The errors look like this:
message: failed to index document
error.type: version_conflict_engine_exception
http.response.status_code: 409
hint: check the "Known issues" section of Elasticsearch Exporter docs
Example target data streams / backing indices:
.ds-metrics-elasticsearch.stack_monitoring.shard-default-...
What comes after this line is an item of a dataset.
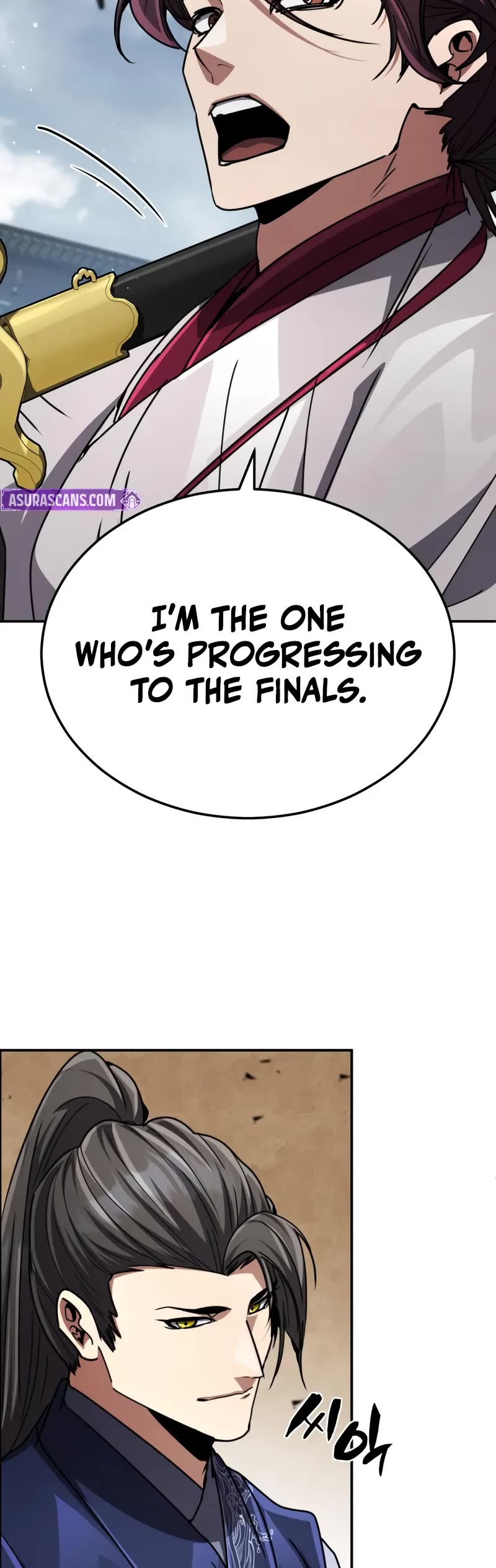 Reincarnation of the Fist King chapter 31 page 72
.ds-metrics-sql-default-...
Initially, we mostly observed this for Elasticsearch Stack Monitoring, especially the dataset:
metrics-elasticsearch.stack_monitoring.shard
Later, similar errors also appeared for SQL metrics.
Sample log
{
"message": "failed to index document",
"error.type": "version_conflict_engine_exception",
"http.response.status_code": 409,
"hint": "check the "Known issues" section of Elasticsearch Exporter docs",
"index": ".ds-metrics-elasticsearch.stack_monitoring.shard-default-2026.04.01-000023",
"otelcol.component.id": "elasticsearch/_agent-component/default",
"otelcol.component.kind": "exporter",
"otelcol.signal": "logs",
"resource.service.name": "/opt/Elastic/Agent/data/elastic-agent-9.3.4-.../components/elastic-otel-collector",
"resource.service.version": "9.3.4"
}
For SQL metrics, the error is similar.
The main operational impact is a very large amount of error noise in logs-elastic_agent-*.
We do not see an Elasticsearch cluster failure at the same time. The cluster is not red and primary shards are available. Metrics appear to be partially or mostly visible in Kibana, but we are not sure whether all metric samples are preserved or whether some samples are rejected as duplicates.
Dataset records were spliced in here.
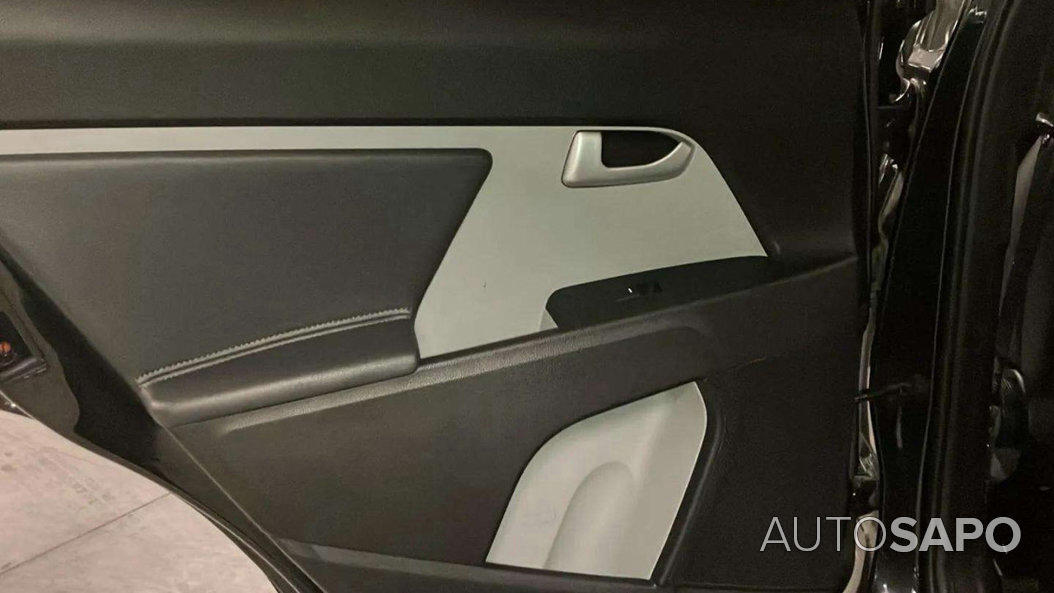 Kia Sportage de 2015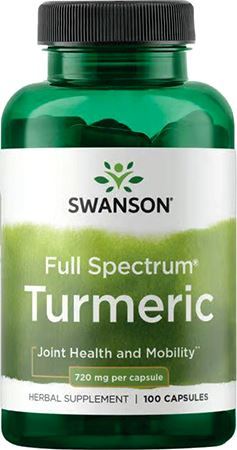 Swanson Full Spectrum Turmeric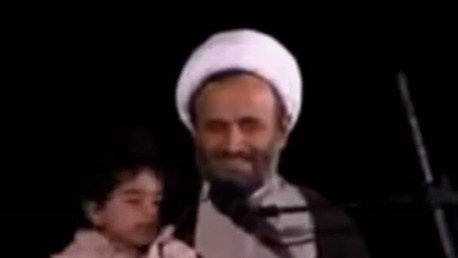 ¿Qué pasa cuando un niño interrumpe a un clérigo musulmán?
The Elasticsearch Exporter documentation says that version_conflict_engine_exception can be a normal sign of duplicate detection in TSDB metrics data streams, but it also states that in some cases data may be classified as duplicate even when it was not, which implies possible data loss.
What we have checked
We have verified that:
- The Elasticsearch cluster is running and is not red.
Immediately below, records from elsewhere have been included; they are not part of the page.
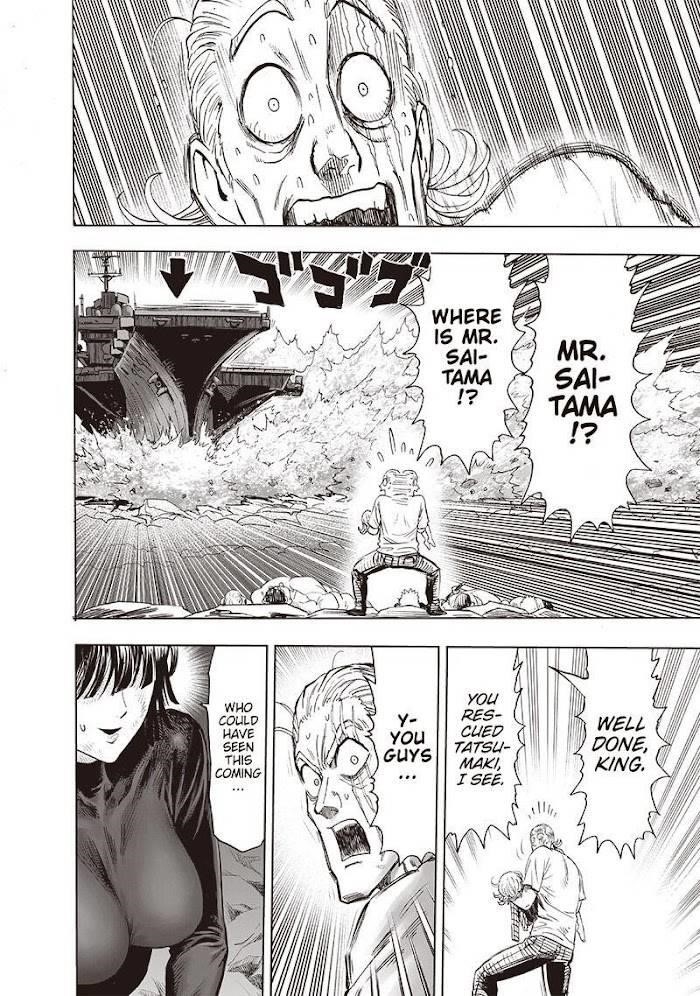 One-Punch Man Chapter 218 - Page 7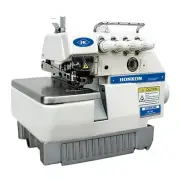 HK747D Direct Drive High Speed Overlock Sewing Machine Industrial Sewing Machine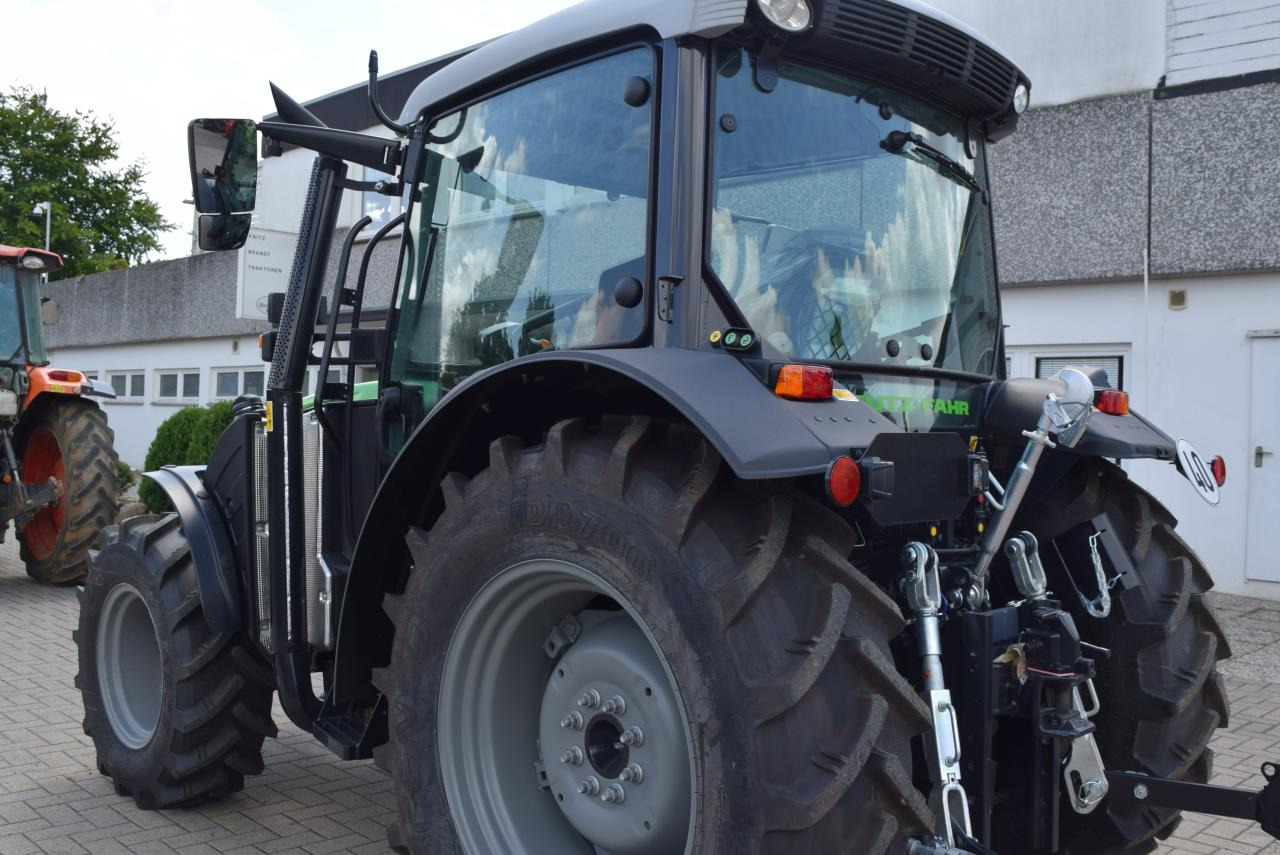 Deutz-Fahr 5095 D GS Stage V Variant B - جرار: صورة 5 Deutz-Fahr 5095 D GS Stage V Variant B - جرار: صورة 5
- Primary shards are available.
- Elastic Agent is Healthy.
- The integrations are enabled.
- The issue started after the 9.3.4 upgrade / after re-enabling integrations.
- Most errors are related to TSDB metrics, especially stack_monitoring.shard and SQL metrics.
- The error is emitted by elastic-otel-collector / elasticsearchexporter, not by a custom application log pipeline.
Has anyone encountered this problem? Do you know of a solution?